They rode up the elevator in silence, with Big standing in front, closest to the doors. Brett was fine with letting him play the shield. The doors slid open to reveal an empty hallway. Big stepped out and gestured for Brett to precede him. They both walked over to the door leading to his suite. Brett opted not to knock for Dan. Better to keep him out of this as much as possible until Brett figured out exactly what was going on. He slid his card out, but the security guard already ziplined his out from his jacket and swiped it through the locking mechanism.

The tumblers dropped, and Brett pushed the handle down and went in. He started to turn to thank the security guard for the escort, intending to close the door between them, but suddenly the guard planted one beefy palm on Brett’s shoulder and shoved him straight to the floor. Do not pass go, face on carpet.

Brett immediately started to scramble, thinking maybe this was all some kind of elaborate setup by Maks. He’d never have guessed they’d go that route, but what the hell did he know at this point? Except there were no stakes high enough for them to be taking this kind of risk. There had to be cameras in the hallway getting at least some of this, as the door hadn’t shut yet. None of this made any fucking sense.

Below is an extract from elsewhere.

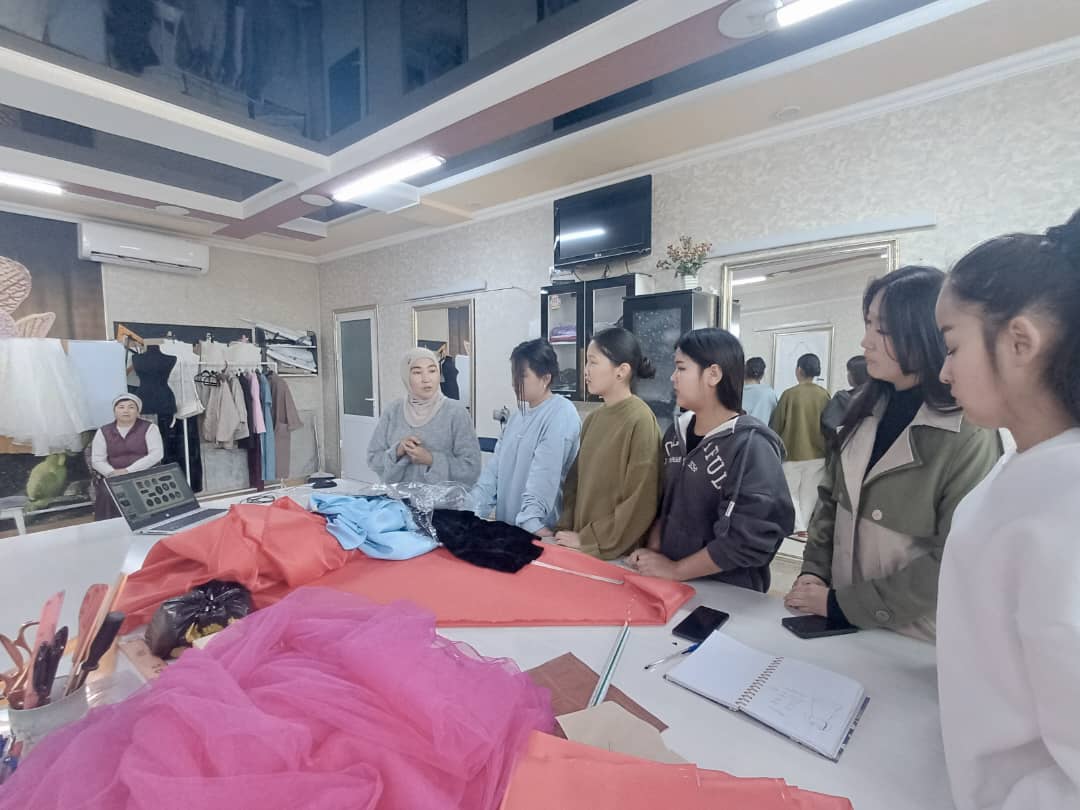 Изображение WhatsApp 2025-11-25 в 11.55.11_3911c41e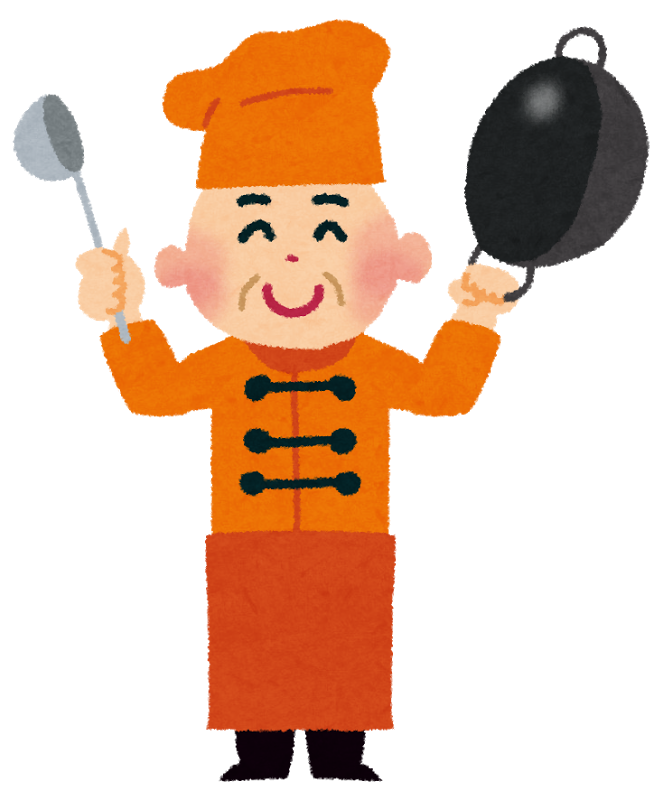 f:id:katryo:20171222131201p:plain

But he barely got his hands beneath him to shove himself up, when he was stomped right back down again, with either a foot or a hand, he had no idea. But when he heard the gun clear the holster, he renewed his efforts. “Don’t move,” Big ordered. “Stay right here.”

Then he released him, stepped over him, and moved farther into the apartment, gun drawn and held steady in front of him, like a cop would breaking into an apartment where he thinks there might be trouble.

Dan.

Should he call out? Warn him? Or would Brett just be drawing attention to his presence?

Well, one thing he wasn’t going to do was stay prone on the floor. But just as he got to his feet, he heard Big yell, “Call nine one one!”

Shit
. He palmed his cell out of his pocket as he ran through the suite into the bedroom where Big was standing. Over a prone body. Brett’s fingers faltered on the dial pad as his heart squeezed into a tight fist. Until he got a look at the whole body and realized it wasn’t Dan. Thank God. But…

Big was already on his ear piece, notifying the front desk that there was a guest in trouble and needing immediate medical assistance, then he was on the floor, checking the man’s pulse.

“Don’t move him,” Brett cautioned. “You don’t know where he’s—” He stopped because he’d moved around the room enough to see the prone figure from another angle. One that provided him with a look at his face. And the pool of blood extending out from under his head.

It was Maksimov.

“Dan!” he immediately shouted. He spared a glance at Big, who looked up at him and shook his head, indicating there was no pulse.

Holy—“Dan?” he shouted again, and tore through the suite to the other bedroom. Empty. No one in either bathroom. He checked behind the kitchen counter, out on the balcony. Even, God forbid, down below the balcony. Nothing.

“Will you step back inside, Mr. Hennessey. We need for you to remain calm until the sheriff’s department arrives. They’re going to want to speak with you.”

“Me? I didn’t—you were with me when we opened the door.” And thank God for that, he realized now. This was not going to look good, not after the way he tore out of the inn. And where the hell was Dan?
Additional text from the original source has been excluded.